Ahead of the release of the film Shakuntala Devi, we caught up with its director Anu Menon for a quick chat. She tells us why Vidya Balan was her only choice for the character
Anu Menon
Anu Menon

Anu Menon, the director of the Vidya Balan starrer Shakuntala Devi, tells us a story. It goes like this. "How does it feel like to be a female mathematician?" a journalist once asked Shakuntala Devi. Without wasting a second, Devi asked him, "How does it feel like to be a male journalist?" Menon burst out laughing at the end of it.



She wasn't a witness to this incident. Chances are that Menon may have not been born at the time when this occurred. But this was one of those many anecdotes that she came across during her three-year-long research about Devi, to make a film about her. "I loved her razor-sharp humour and one-liners," Menon tells us, sitting in her house in London. The film's release was a few days away when we spoke. But she wasn't stressed or tense. Instead, she was excited to recall those anecdotes. "She would have these interesting repartees," says Menon. "Her interviews are always fun, just like Vidya Balan's. You would usually expect a mathematician to be serious, introverted and withdrawn. But she was just the opposite. No one who's met her would forget that experience. She would have said something politically incorrect or have made them laugh. In fact, if she was on twitter, she would have given people a run for their money," laughs Menon, adding that no one other than Vidya Balan could have essayed the part better than Vidya Balan.

Here's our interaction with her:



The director who's previously made films like London, Paris, New York and Waiting, started working on the project in 2016 and the first leg of research happened when she met Devi's daughter Anupama Banerji, who also lives in London. " I always wanted to talk about different types of women on screen. My daughter once told me that boys like maths and girls like English. That stung to me. I thought we should show that women like Maths as much as men do and Shakuntala Devi's was the first name that came to my mind," she says.

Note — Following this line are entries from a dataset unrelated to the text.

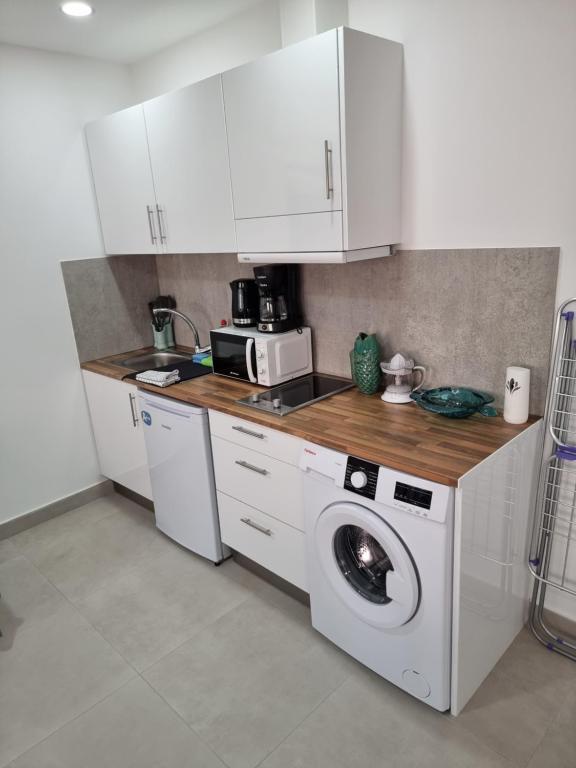 APARTAMENTOS ELEMAR free luggage storage - 13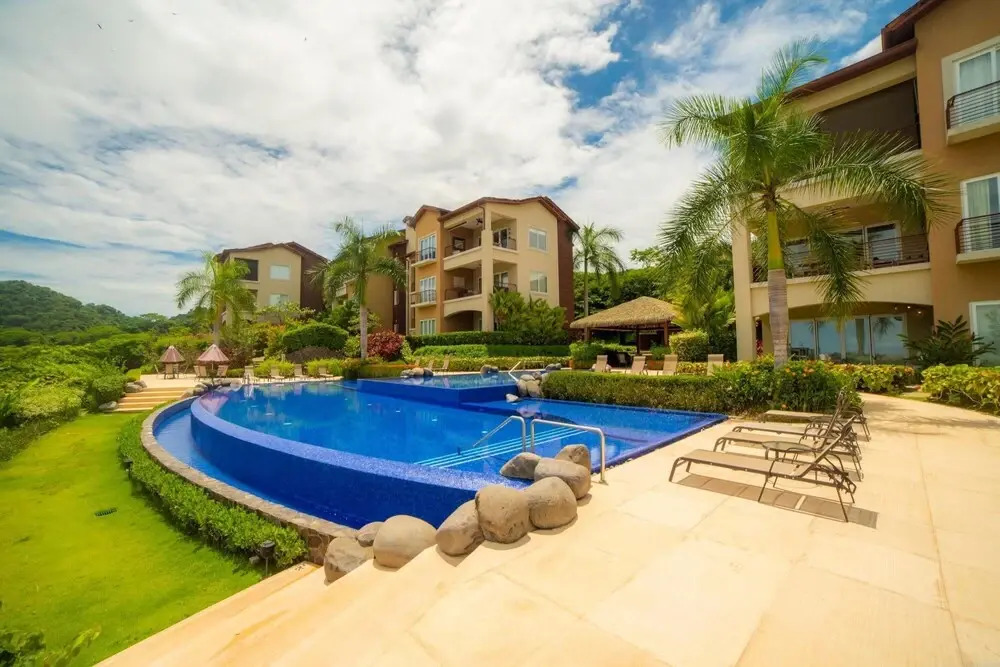 Miramar 1B - 3 bdr - 3 Bath Ocean View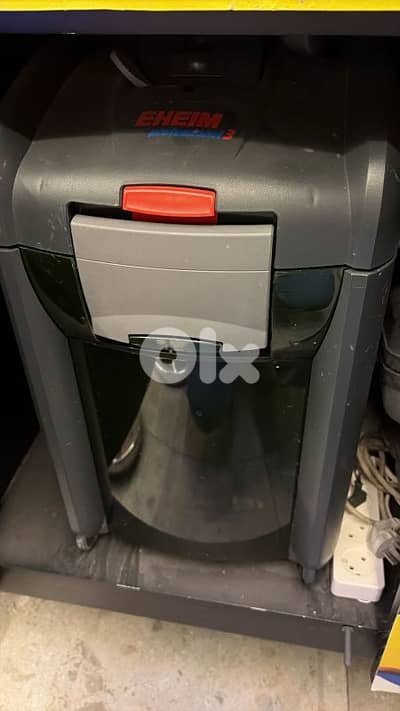 حوض سمك زجاج وفيلتر و خزانة وضو ليزر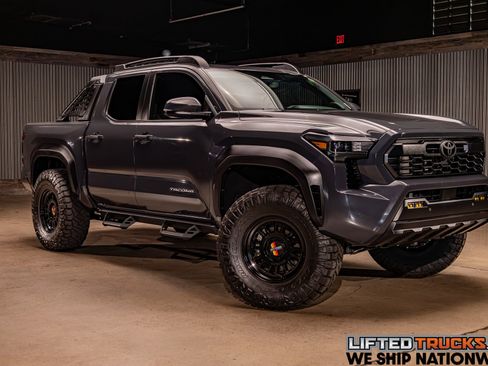 Used 2024 Toyota Tacoma TRD Off-Road w/ TRD Off Road Upgrade Package AWD/4WD image 1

Four years later, she believes that there's no time more relevant than today's to tell Devi's story. "Devi lived her life to the fullest. She had her ups and downs, successes and failures. She embraced it all. Her life sends out an important message that things may not be perfect all the time, but put your best foot forward. That's exactly what she did," says Menon. "She woke up, wore her lipstick, her best saree and did something or the other. I think it's a beautiful message," she adds.